Over the course of five years she steadily moved through establishments; Ocean Room, Ivy, Dive Bar, Lo-fi, The Unicorn, picking up experience and skills till she found her home at Lobo. “I owe so much to the fact that Jared (owner of Lobo) is such a forward thinker and invests in people really well. I was the youngest in the team and I was still the first person he came to when looking for a new manager. I appreciate him seeing something in me that maybe I bring something to the table that the boys don’t.”
She also wants to have her own business by the time she’s 30.
Keeps it real
Some of us suffer greatly at the hands of over appraising parents and as a result win a prize of infinite self doubt and fear of mediocrity. While Paige, born in Avalon and now living in Newtown, tells me her mother always just supported her to be “the best person she could be” even if that meant being a “career checkout chick”.

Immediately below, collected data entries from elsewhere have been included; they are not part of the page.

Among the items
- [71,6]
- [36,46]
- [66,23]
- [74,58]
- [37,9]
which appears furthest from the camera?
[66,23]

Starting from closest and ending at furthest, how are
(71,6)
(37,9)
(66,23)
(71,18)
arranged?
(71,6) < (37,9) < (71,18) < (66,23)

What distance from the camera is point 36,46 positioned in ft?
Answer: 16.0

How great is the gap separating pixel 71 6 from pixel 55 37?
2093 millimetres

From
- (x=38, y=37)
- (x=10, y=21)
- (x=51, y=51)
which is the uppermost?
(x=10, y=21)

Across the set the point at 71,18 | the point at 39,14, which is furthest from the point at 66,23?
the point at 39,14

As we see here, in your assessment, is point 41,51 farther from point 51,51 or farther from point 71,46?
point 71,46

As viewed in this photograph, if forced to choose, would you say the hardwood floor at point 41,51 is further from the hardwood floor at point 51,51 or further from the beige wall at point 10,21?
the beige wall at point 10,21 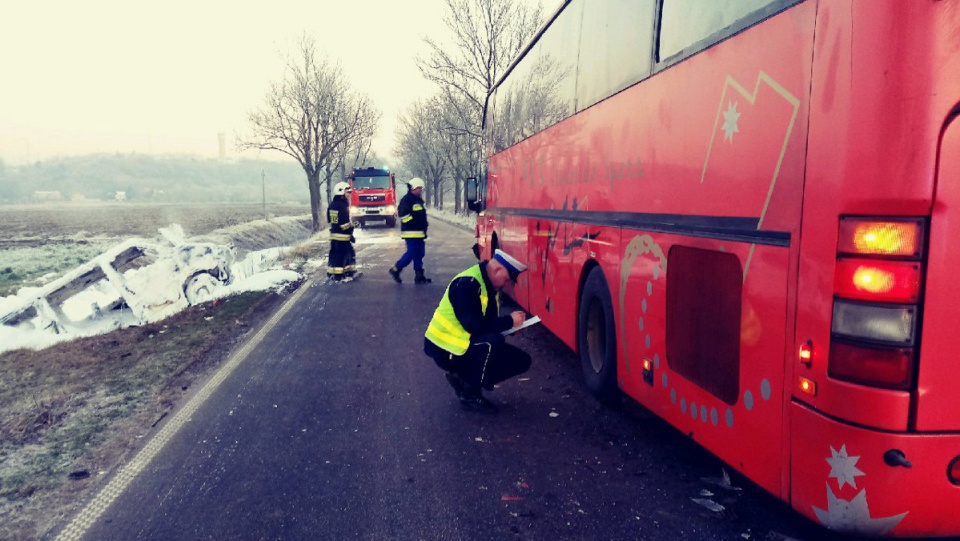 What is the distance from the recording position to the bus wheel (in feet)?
16.7

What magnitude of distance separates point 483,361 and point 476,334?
236 mm

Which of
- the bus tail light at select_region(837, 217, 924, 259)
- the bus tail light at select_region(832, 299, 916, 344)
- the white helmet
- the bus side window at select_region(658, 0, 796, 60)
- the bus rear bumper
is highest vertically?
the bus side window at select_region(658, 0, 796, 60)

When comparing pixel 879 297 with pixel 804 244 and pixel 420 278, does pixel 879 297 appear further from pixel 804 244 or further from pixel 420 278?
pixel 420 278

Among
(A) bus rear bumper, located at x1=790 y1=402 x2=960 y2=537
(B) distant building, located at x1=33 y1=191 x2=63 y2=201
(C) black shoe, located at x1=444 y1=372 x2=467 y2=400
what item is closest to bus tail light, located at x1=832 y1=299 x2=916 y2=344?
(A) bus rear bumper, located at x1=790 y1=402 x2=960 y2=537

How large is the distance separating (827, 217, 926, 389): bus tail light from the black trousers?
3300 millimetres

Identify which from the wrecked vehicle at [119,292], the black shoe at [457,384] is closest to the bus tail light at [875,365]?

While most women would have visions of being pioneers and captains of their industry, the majority spend their time trying to be Kim Kardashian or Taylor Swift. Then the rest of us just spend time playing personality Russian Roulette with life waiting for one of the Sex and the City characters to go off.
Paige is the kind of girl that could where a backwards cap or a do-rag with a full face of make up without looking like she just stepped off the set of Save The Last Dance 2. She doesn’t hide behind her tastes, she owns them.

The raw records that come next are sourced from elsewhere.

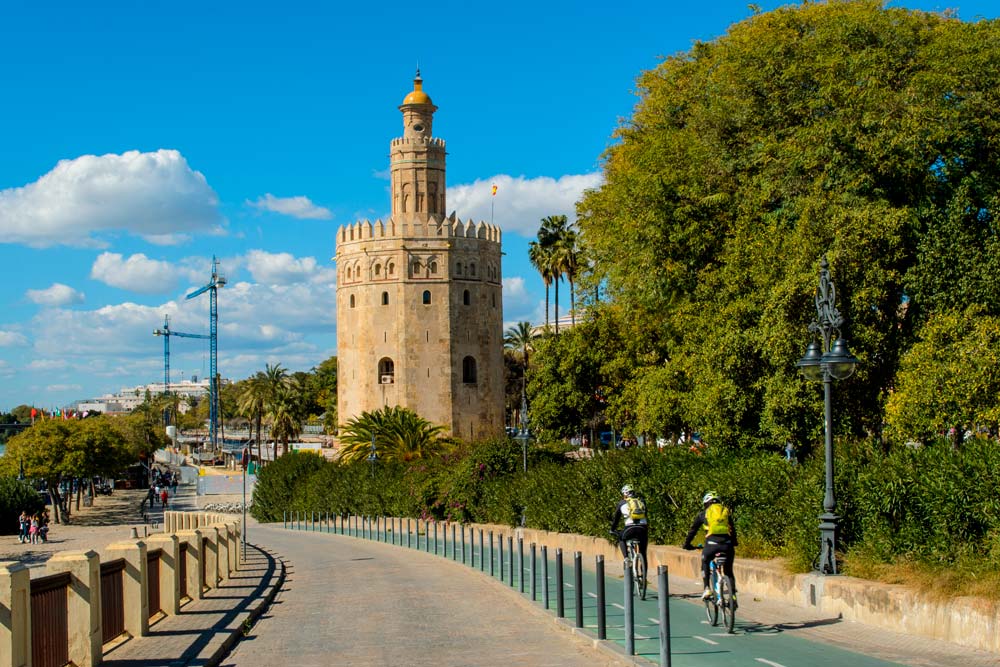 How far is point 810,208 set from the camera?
22.5m

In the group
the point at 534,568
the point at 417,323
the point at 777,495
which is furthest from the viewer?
the point at 417,323

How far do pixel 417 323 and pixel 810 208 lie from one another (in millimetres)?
51631

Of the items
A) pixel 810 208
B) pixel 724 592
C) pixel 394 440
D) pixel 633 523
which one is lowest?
pixel 724 592

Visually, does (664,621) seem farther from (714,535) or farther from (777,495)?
(777,495)

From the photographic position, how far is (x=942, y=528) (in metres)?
13.8

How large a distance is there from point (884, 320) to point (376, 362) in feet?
169

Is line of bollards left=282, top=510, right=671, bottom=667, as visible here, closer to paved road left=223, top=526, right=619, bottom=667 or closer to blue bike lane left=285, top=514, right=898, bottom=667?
blue bike lane left=285, top=514, right=898, bottom=667

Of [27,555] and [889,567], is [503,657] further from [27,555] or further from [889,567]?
[27,555]

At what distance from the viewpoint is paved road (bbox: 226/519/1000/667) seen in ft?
37.4

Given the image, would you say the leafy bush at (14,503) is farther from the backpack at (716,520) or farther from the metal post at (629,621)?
the metal post at (629,621)

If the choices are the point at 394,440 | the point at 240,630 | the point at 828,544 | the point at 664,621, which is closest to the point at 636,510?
the point at 828,544

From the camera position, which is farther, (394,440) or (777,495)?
(394,440)

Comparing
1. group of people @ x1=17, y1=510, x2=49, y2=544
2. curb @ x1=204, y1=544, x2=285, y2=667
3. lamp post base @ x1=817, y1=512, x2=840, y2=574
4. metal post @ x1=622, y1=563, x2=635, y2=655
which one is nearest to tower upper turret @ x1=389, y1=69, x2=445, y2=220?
group of people @ x1=17, y1=510, x2=49, y2=544

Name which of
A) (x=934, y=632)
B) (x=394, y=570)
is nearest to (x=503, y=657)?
(x=934, y=632) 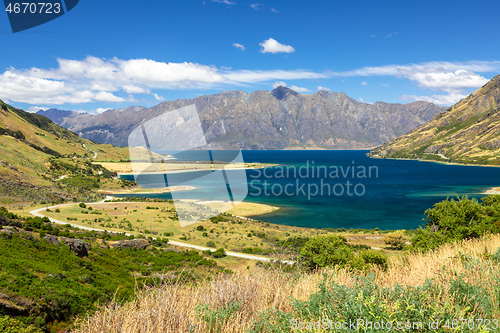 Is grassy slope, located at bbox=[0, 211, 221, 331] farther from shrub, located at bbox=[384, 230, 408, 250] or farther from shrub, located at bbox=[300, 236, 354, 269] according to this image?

It’s not an anti-men thing
While she’s all about encouraging and aiding women in furthering their careers in the bar industry, by no means is she anti-men.
“I love men and there are so many guys in this industry that are so pro-fem. But this is such an incredibly male dominated industry. I have nothing against the men, and I’ve never felt like I’ve had anything held against me. I just think we need to encourage women to get involved in this industry because both genders bring such individual, amazing qualities to it.”
A woman to the people
I really strongly believe people go to bars for the people, lucky for everyone Paige loves people. This is the core of her job.
“The best thing is all the people I get to meet and the team I work with, working with these boys day in and day out helps me grow, learn, understand my own strengths.
I’ve never met a more concentrated group of people that are so smart. And there’s something to be said about people that allow themselves to get rid of the rigidness of the 9-5 and just allow themselves to be eccentric. You can’t beat that.”
There is a broad spectrum to womanhood and to box others in would serve to worsen the cause. Despite that, I genuinely believe bars, people, society would benefit from more Paiges, more multi-dimensional girls that operate on a wide spectrum of opinions and are aware of their emotions. Girls that genuinely enjoy a beer and a burger without talking about how they’ll have to go for a run just to work it off. Girls that curse eloquently, girls that party with an enviable vigour and dress delicately because they personally enjoy it. Girls that are women.